PUREVQ-GAN: Defending Data Poisoning Attacks through Vector-Quantized Bottlenecks
This addresses the problem of data poisoning for machine learning security, offering a faster defense compared to existing methods.
The paper tackles defending against data poisoning attacks by introducing PureVQ-GAN, which uses a vector-quantized bottleneck to destroy backdoor triggers while preserving image semantics, achieving 0% poison success rate on some attacks and 91-95% clean accuracy on CIFAR-10.

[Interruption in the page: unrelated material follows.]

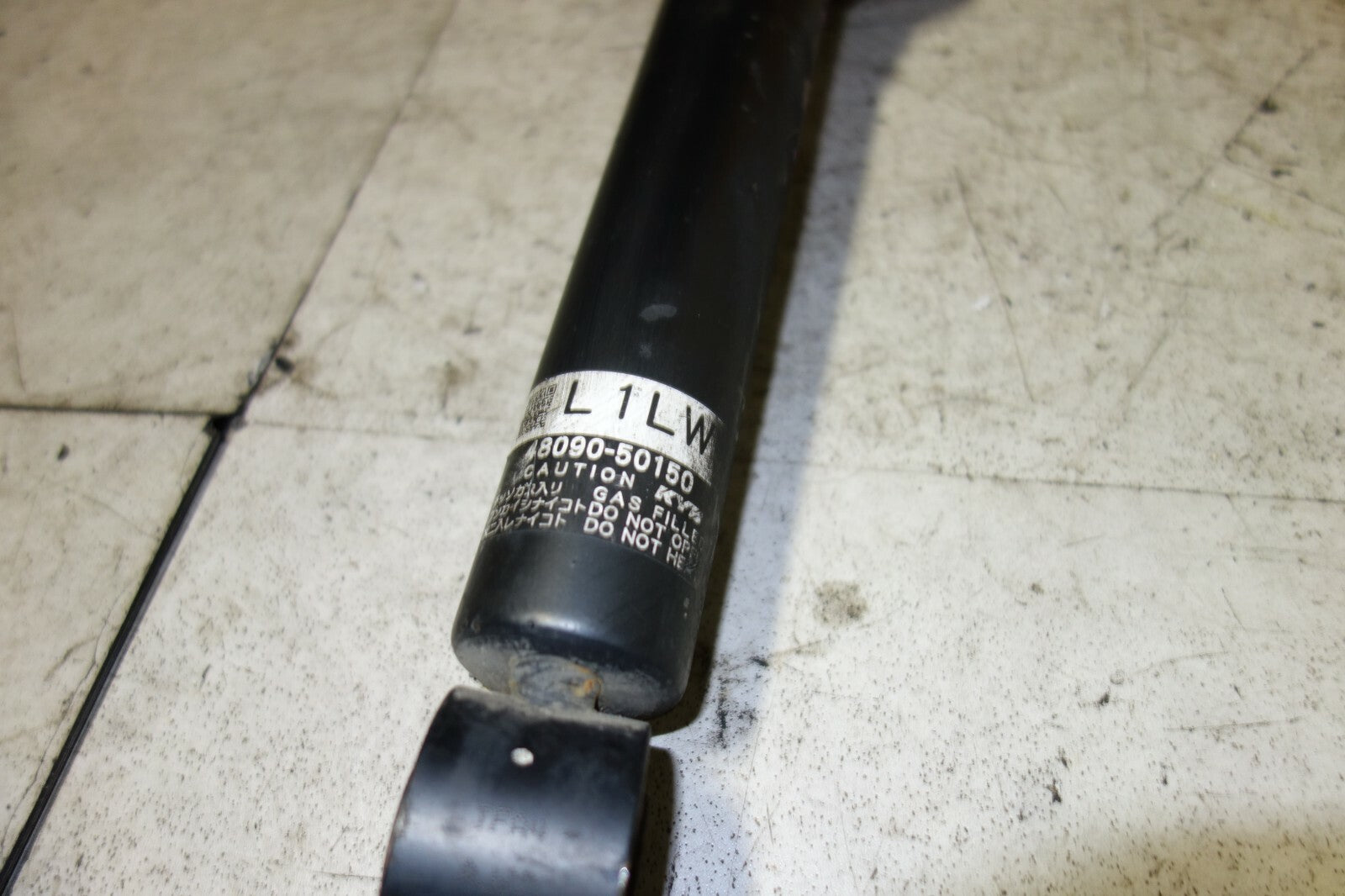 JDM LEXUS LS460 RWD Rear LH Air Shock Strut Absorber 48090-50150 2007-2012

We introduce PureVQ-GAN, a defense against data poisoning that forces backdoor triggers through a discrete bottleneck using Vector-Quantized VAE with GAN discriminator. By quantizing poisoned images through a learned codebook, PureVQ-GAN destroys fine-grained trigger patterns while preserving semantic content. A GAN discriminator ensures outputs match the natural image distribution, preventing reconstruction of out-of-distribution perturbations. On CIFAR-10, PureVQ-GAN achieves 0% poison success rate (PSR) against Gradient Matching and Bullseye Polytope attacks, and 1.64% against Narcissus while maintaining 91-95% clean accuracy. Unlike diffusion-based defenses requiring hundreds of iterative refinement steps, PureVQ-GAN is over 50x faster, making it practical for real training pipelines.